Data records:
◆ ◆ ◆ ◆ ◆ ◆ ◆
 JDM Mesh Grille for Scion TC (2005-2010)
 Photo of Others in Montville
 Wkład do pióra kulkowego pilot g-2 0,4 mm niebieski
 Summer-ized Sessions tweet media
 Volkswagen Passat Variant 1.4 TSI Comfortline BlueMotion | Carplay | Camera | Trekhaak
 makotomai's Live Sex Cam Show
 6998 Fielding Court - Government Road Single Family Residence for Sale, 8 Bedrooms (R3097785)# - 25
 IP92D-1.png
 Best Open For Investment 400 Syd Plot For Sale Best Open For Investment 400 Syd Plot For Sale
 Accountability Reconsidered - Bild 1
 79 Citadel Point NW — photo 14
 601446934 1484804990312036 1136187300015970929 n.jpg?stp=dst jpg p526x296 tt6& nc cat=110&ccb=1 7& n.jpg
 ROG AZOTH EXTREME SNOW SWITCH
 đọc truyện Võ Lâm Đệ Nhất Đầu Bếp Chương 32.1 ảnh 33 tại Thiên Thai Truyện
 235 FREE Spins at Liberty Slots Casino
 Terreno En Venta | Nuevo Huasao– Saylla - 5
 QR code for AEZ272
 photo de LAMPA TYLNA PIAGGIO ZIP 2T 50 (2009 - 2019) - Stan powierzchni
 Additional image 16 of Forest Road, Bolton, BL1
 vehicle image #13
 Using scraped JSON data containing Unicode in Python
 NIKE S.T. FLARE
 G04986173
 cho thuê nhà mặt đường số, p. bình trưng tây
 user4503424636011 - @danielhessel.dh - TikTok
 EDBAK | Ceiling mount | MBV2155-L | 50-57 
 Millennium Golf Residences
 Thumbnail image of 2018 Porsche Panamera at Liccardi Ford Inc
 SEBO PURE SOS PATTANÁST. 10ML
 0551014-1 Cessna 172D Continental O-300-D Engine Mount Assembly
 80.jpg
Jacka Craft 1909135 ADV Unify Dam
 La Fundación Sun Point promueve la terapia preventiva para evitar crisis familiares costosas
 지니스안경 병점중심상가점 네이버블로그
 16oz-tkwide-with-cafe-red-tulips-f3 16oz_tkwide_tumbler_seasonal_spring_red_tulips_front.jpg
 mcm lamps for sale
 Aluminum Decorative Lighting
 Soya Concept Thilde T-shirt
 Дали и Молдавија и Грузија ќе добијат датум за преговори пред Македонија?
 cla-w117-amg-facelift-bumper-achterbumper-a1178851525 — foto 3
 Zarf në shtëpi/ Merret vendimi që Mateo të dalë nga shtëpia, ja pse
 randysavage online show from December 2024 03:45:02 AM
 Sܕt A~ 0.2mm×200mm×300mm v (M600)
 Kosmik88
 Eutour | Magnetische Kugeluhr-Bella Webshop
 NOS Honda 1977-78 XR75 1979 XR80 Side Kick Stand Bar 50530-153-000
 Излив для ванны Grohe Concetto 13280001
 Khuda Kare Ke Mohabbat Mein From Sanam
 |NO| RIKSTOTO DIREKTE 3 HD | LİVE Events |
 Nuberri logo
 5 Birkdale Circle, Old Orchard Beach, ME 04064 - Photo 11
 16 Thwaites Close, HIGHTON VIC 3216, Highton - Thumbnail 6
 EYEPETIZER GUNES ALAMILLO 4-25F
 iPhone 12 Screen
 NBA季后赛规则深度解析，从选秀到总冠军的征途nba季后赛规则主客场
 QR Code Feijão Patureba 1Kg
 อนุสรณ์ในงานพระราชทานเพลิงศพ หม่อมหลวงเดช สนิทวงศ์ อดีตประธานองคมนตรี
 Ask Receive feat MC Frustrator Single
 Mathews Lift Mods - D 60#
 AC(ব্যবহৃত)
◆ ◆ ◆ ◆ ◆ ◆ ◆
» TASK REQUIREMENTS:
Given the records above, reproduce precisely and only the lines between the line holding "Photo of Others in Montville" and the line holding "makotomai's Live Sex Cam Show", inclusive.

» WORKED SOLUTION:
 Photo of Others in Montville
 Wkład do pióra kulkowego pilot g-2 0,4 mm niebieski
 Summer-ized Sessions tweet media
 Volkswagen Passat Variant 1.4 TSI Comfortline BlueMotion | Carplay | Camera | Trekhaak
 makotomai's Live Sex Cam Show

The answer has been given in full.